Start of Records supplied
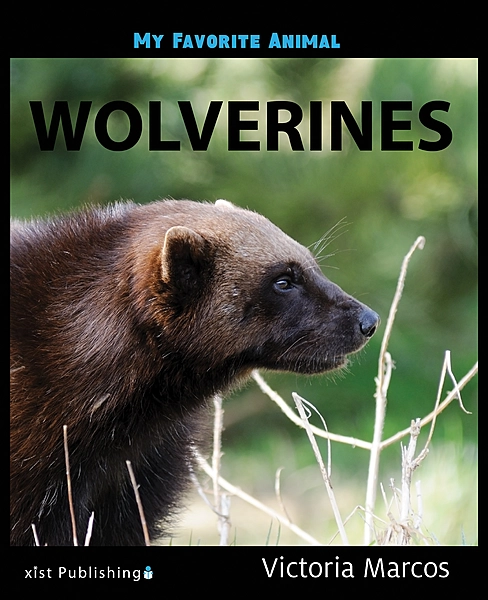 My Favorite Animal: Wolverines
End of Records supplied
Start of Records supplied
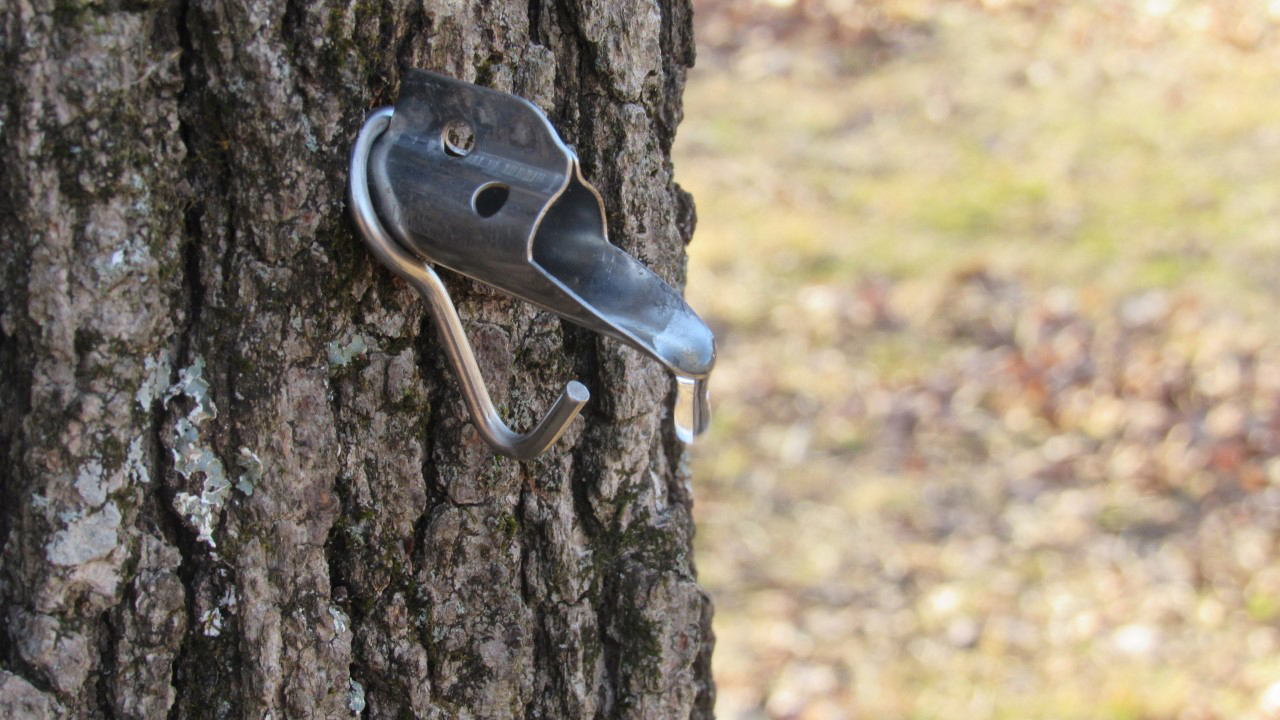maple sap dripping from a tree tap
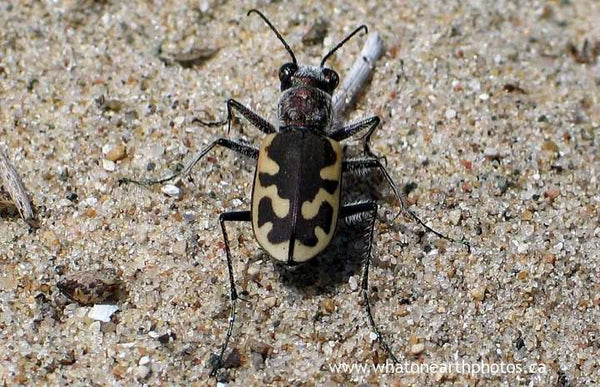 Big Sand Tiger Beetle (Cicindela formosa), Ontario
End of Records supplied
* [Problem to work on]: Each line above that falls between the line with "maple sap dripping from a tree tap" and the line with "Big Sand Tiger" should be printed exactly, together with those two lines, but the pictures should not.

* [Written response]:
maple sap dripping from a tree tap
 Big Sand Tiger Beetle (Cicindela formosa), Ontario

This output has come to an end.